There are two churches named St. John the Baptist, one a Franciscan church built in the second half of the 19th century on the remnants of earlier Byzantine and Crusader churches and an Eastern Orthodox church built in 1894 (restored in 1975), also on the remnants of an ancient church. Inside the Franciscan church are the remains of a Byzantine mosaic floor and a cave where, according to Christian tradition, John the Baptist was born. Below the building a mikve or Jewish ritual bath was found dated to the Second Temple period.
The Franciscan Church of the Visitation is located across the village from St. John. The ancient sanctuary there was built against a rock slope, the site where Zechariah and Elizabeth lived and where Mary visited them. An ancient cistern from which, according to tradition, Zechariah and Elizabeth drank, can also be found in the church; the stone next to it is said to have hidden the two from Herod’s soldiers. Tradition attributes its construction to Helena, Emperor Constantine’s mother.
On the wall of the courtyard are ceramic tiles bearing verses from the Magnificat (the Canticle of Mary from Luke 1:46-55) in forty-two different languages. On the church’s façade is a striking mosaic commemorating the Visitation.
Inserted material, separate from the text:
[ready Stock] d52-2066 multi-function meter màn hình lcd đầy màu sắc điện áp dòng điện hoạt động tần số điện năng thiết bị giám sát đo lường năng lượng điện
The lower level of the church was built in 1862, the upper level was begun in 1938 and completed by Italian architect Antonio Barluzzi in 1955. The upper hall is dedicated to Mary, and its walls are decorated with many paintings in her honor. The interior has Italianate frescoes depicting the Visitation, Elizabeth hiding her son John the Baptist, and Zechariah next to the altar in the Temple and beautiful mosaic floors. In one of the frescoes, there is an image of none other than Barluzzi himself.
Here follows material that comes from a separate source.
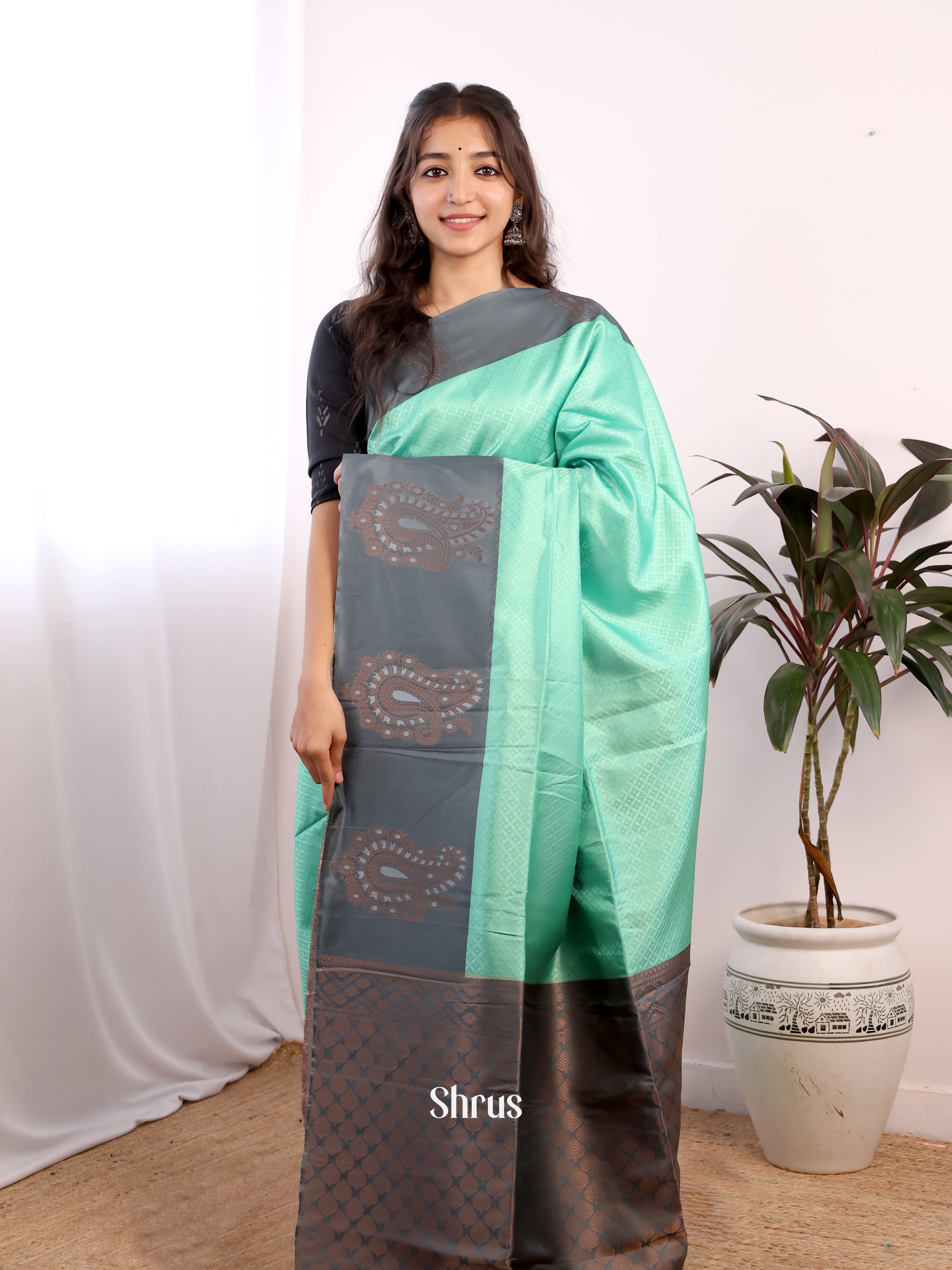 Pastel Green & Grey- Semi Softsilk Saree - Shop on Shrus.com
Located up the hill is the Russian Orthodox Church, part of the Gorny monastery, nicknamed Moscovia by the locals, begun in 1905 and only completed in 2005, with its classic gold onions.
Take the opportunity to walk or meditate in the tranquil garden of Notre Dame De Sion monastery.
Pundak Ein Karem “with a garden blooming in and around its stone courtyard specializes in pan-European fusion cuisine of the decidedly unkosher variety; free WiFi.”
Karma “will have you eating like a Buddhist monk fallen off the wagon, a genre-defying culinary quality, with a traditional Middle Eastern taboon stone oven at its spiritual center.”
Café Inbal “small bake shop has a nice selection of classic light Israeli fare, kosher.”
Charlotte for those with a passion for a variety of grilled meats and delicious side dishes, kosher.
Esti and Perla “run by and in the home of two ladies by the names of Esti and Perla, who have resided in Ein Karem for over 50 years serves high-quality dairy food, specializing in Moroccan fare, kosher.”